Sans trop en dire, sous des atours d’ode à la femme, nous plongeons au cœur du terrorisme, de la radicalisation des jeunes happés dans la négation du bon sens. Le dernier acte, dans lequel Tina narre sa chute vers les commissures de son entre soi, sidère car il est loin d’être fictif. On pressent bien que dans notre monde réel, la violence est pour « le fer de lance de la Nation » le sens unique où s’exprime toutes les frustrations. « Diktat de la fatalité » ? L’interrogation est lancinante malgré les notes d’espoir à la fin de Les jours viennent et passent.

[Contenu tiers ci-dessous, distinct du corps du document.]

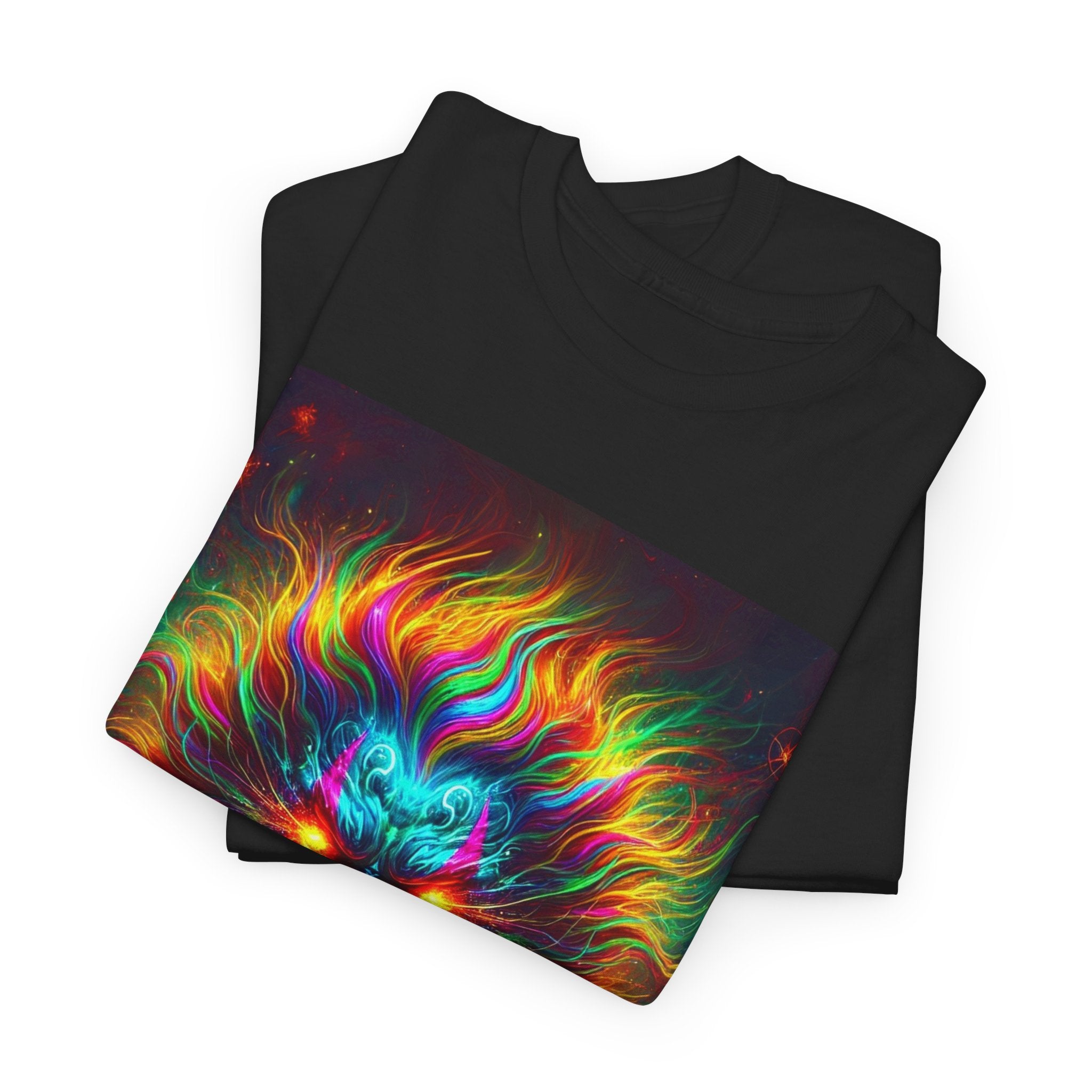Halloween Nightmares (Sadistic Clown)Unisex Tee - Wearable Art, Unique Gift, Casual Ware, Birthday Present, Halloween Apparel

La romancière écrit simplement, sans fioriture. Elle dit le Cameroun, ce pays dans lequel on désespère souvent mais continue de croire. Elle s’affranchit des clichés et s’épanouit dans le « pragmatisme cynique ». Apprendre qu’Hemley Boum a reçu le prix Ahmadou Kourouma en 2020 ne surprend donc guère, tant elle creuse un peu plus à chaque nouvel opus sa place dans le sillage des icônes indépassables. En novembre dernier, l’écrivaine a été faite chevalière de l’Ordre du mérite camerounais afin de saluer son parcours.
Lisez Hemley Boum, humez sa prose. Faites-vous votre propre idée sans tenir compte de ma fade exaltation de lecteur conquis.
Hemley Boum, Les jours viennent et passent, Roman, Paris, Galimard, 10 octobre 2019, 368 pages.